Using Law of Sines, we can prove

$$||\vec{u}\times \vec{v}||=||u||||\vec{v}||\sin \theta$$

Component §

$$com{p}_{\vec{u}}\vec{v}=\frac{\vec{u}\cdot \vec{v}}{||u||}$$

Component is the magnitude of one vector along another, so to find it we can just multiply the magnitude of the projected vector by the sine of the angle between the two vectors.

$$\begin{array}{rl}com{p}_{\vec{u}}\vec{v}& =||\vec{v}||\cdot \cos \theta \\ & =||\vec{v}||\cdot \frac{\vec{u}\cdot \vec{v}}{||\vec{u}||||\vec{v}||}\\ & =\frac{\vec{u}\cdot \vec{v}}{||\vec{u}||}\end{array}$$

Projection §

$$pro{j}_{\vec{u}}\vec{v}=\vec{u}\frac{\vec{u}\cdot \vec{v}}{||u|{|}^2}$$

Since the projection is like the component (but the vector), we can just multiply the component expression by the unit vector of vector being projected onto.

$$\begin{array}{rl}pro{j}_{\vec{u}}\vec{v}& =\frac{\vec{u}}{||\vec{u}||}\cdot com{p}_{\vec{u}}\vec{v}\\ & =\vec{u}\frac{\vec{u}\cdot \vec{v}}{||\vec{u}|{|}^2}\end{array}$$

Area of Parallelogram §

$$A=||\vec{u}\times \vec{v}||$$

The formula for the area of a parallelogram is

$$A=bh$$

Expressed in terms of the length and width, we get

$$A=ab\sin \theta$$

where $\theta$ is the angle between the two sides.

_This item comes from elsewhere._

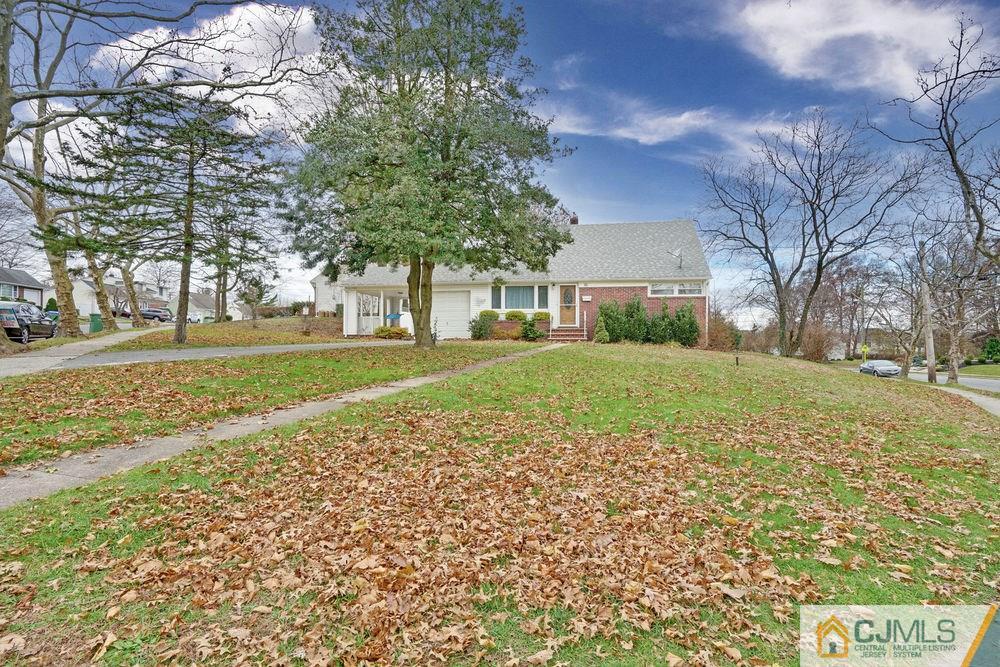 38 Montview Road Edison, NJ 08837 - Photo 24 of 25 a view of a yard with a house in the background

Combining this information with vectors and cross products, we get that for two vectors $\vec{u}$ and $\vec{v}$, the area of the parallelogram formed by them is

$$\begin{array}{rl}A& =||\vec{u}||||\vec{v}||\frac{||\vec{u}\times \vec{v}||}{||\vec{u}||||\vec{v}||}\\ & =||\vec{u}\times \vec{v}||\end{array}$$

Volume of Parallelpiped §

$$V=||(\vec{a}\times \vec{b})\cdot \vec{c}||,$$

where $\vec{a},\vec{b},\vec{c}$ form the parallelpiped

We know that the volume of a parallelpiped is the product of the area of the base (formed by $\vec{a}$ and $\vec{b}$) and the height, we can plug in a few values we already know:

$$V=||\vec{a}\times \vec{b}||(||\vec{c}||\cos \varphi )$$

where $\varphi$ is the angle between vector $\vec{c}$ and the height of the parallelpiped.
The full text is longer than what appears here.